[ACTIVITY] Please restate each line of the data below exactly. Omit all images.
___
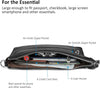 Befen Genuine Leather Wristlet Clutch Wallet Purses Small Crossbody Bags for Women with RFID Blocking Card Slots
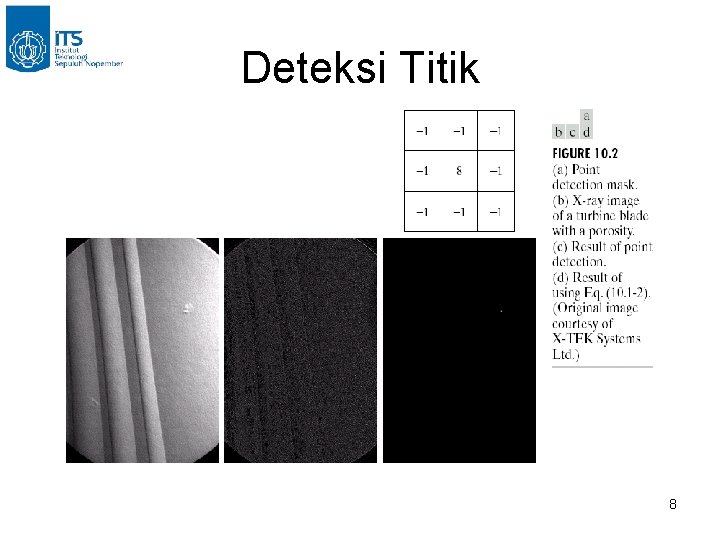 Deteksi Titik 8 Deteksi Titik 8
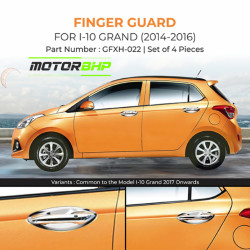 Hyundai i10 Grand Finger Guard Chrome (2014-2016) Hyundai i10 Grand Finger Guard Chrome (2014-2016)
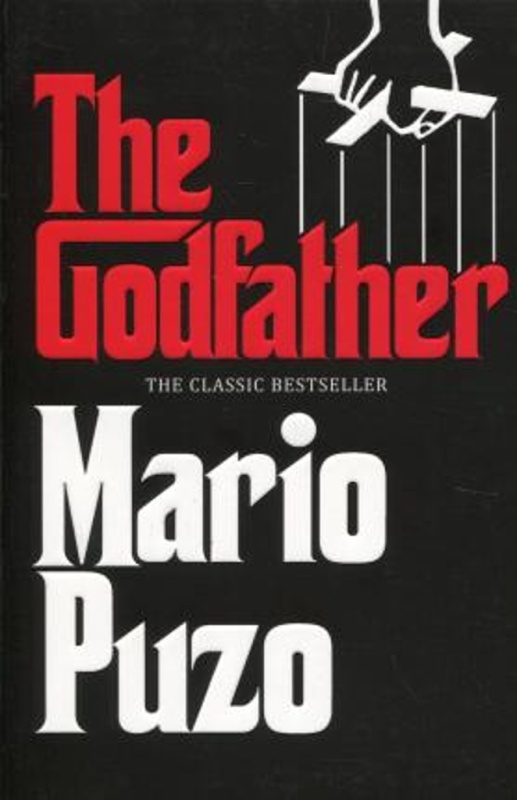 The Godfather - Mario Puzo - kniha z kategorie Detektivky, thrillery a horory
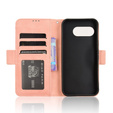 Pattintható tok a T Phone 3 5G, Card Slot, rózsaszín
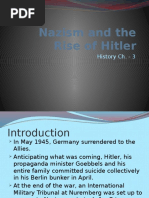 Download History Ch - 3 Nazism and the Rise of Hitler by Luke Skywalker SN314000594 doc pdf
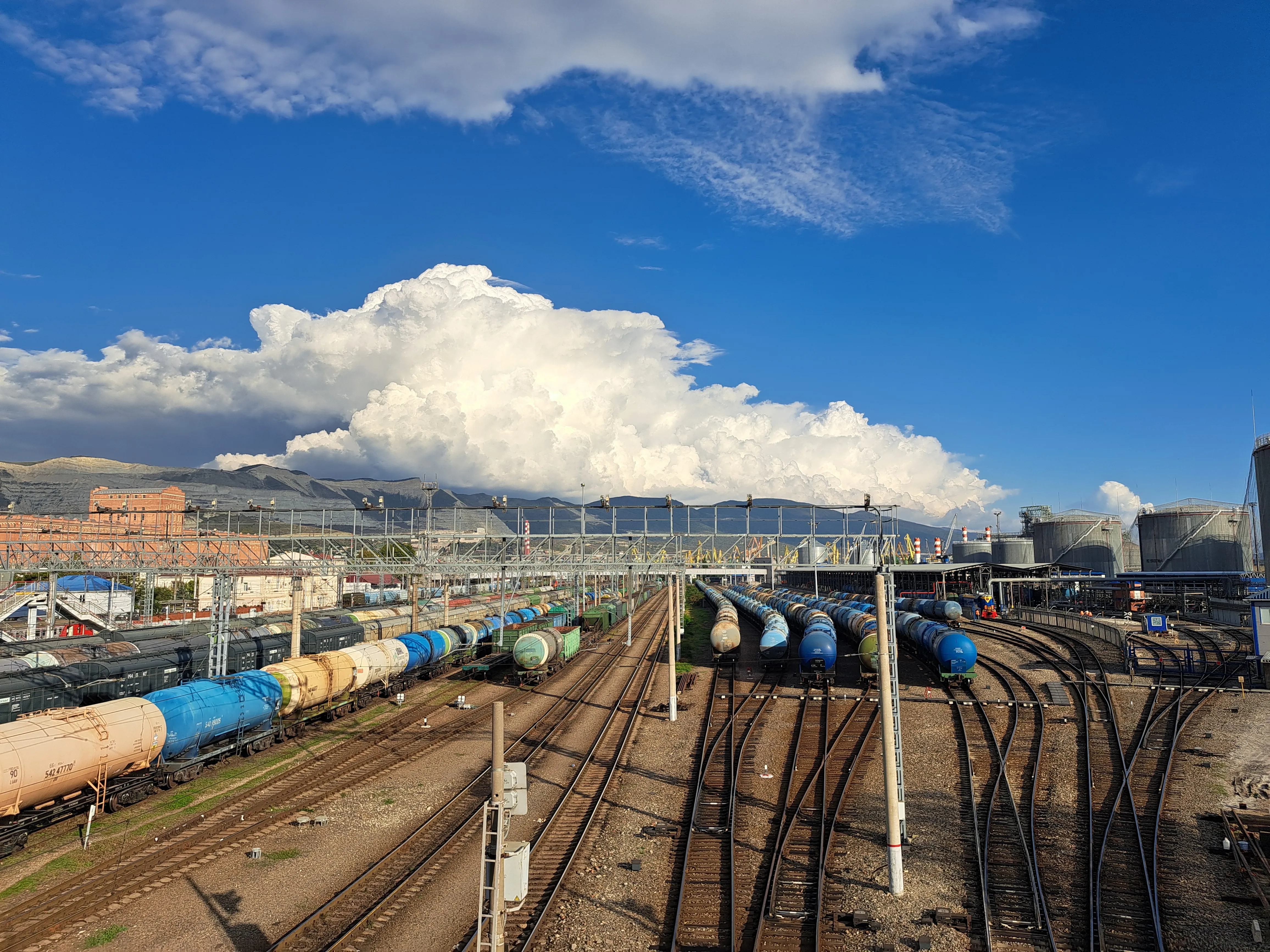 Дорога сквозь облака
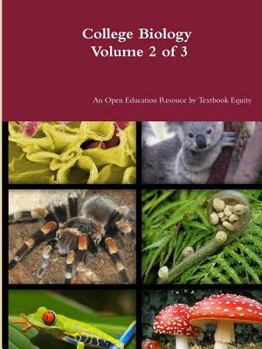 Paperback College Biology Volume 2 of 3 Book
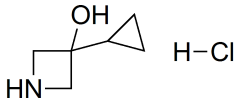 3-cyclopropylazetidin-3-ol hydrochloride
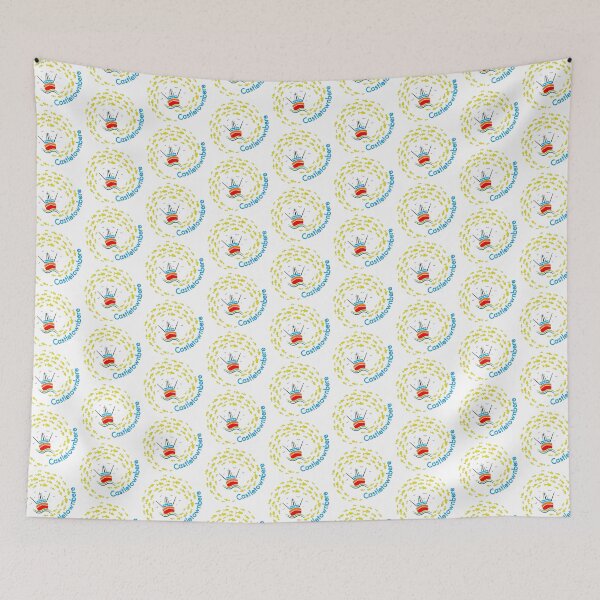 Item preview, Castletownbere county Cork Ireland -yellow fish  designed and sold by Haiii-Designs.
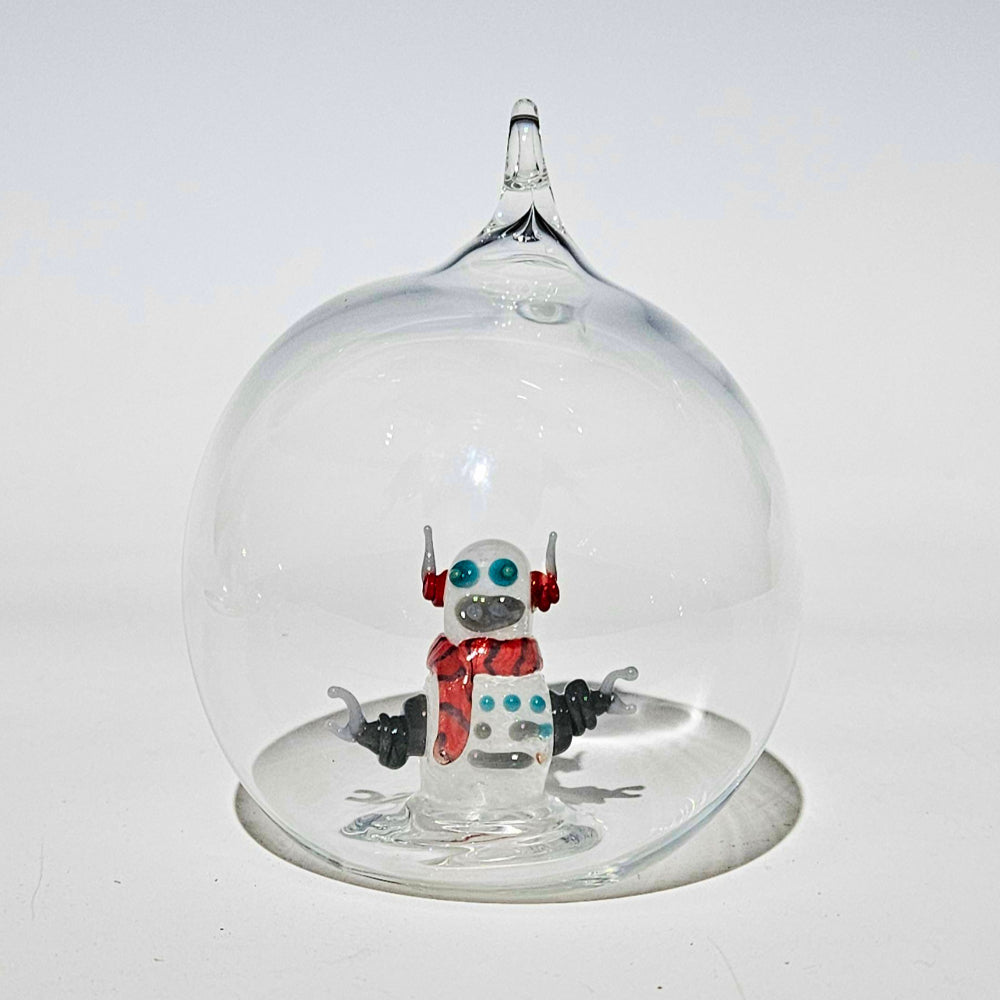 Snobot Bubble Ornament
___
[REPLY]
 Befen Genuine Leather Wristlet Clutch Wallet Purses Small Crossbody Bags for Women with RFID Blocking Card Slots
 Deteksi Titik 8 Deteksi Titik 8
 Hyundai i10 Grand Finger Guard Chrome (2014-2016) Hyundai i10 Grand Finger Guard Chrome (2014-2016)
 The Godfather - Mario Puzo - kniha z kategorie Detektivky, thrillery a horory
 Pattintható tok a T Phone 3 5G, Card Slot, rózsaszín
 Download History Ch - 3 Nazism and the Rise of Hitler by Luke Skywalker SN314000594 doc pdf
 Дорога сквозь облака
 Paperback College Biology Volume 2 of 3 Book
 3-cyclopropylazetidin-3-ol hydrochloride
 Item preview, Castletownbere county Cork Ireland -yellow fish  designed and sold by Haiii-Designs.
 Snobot Bubble Ornament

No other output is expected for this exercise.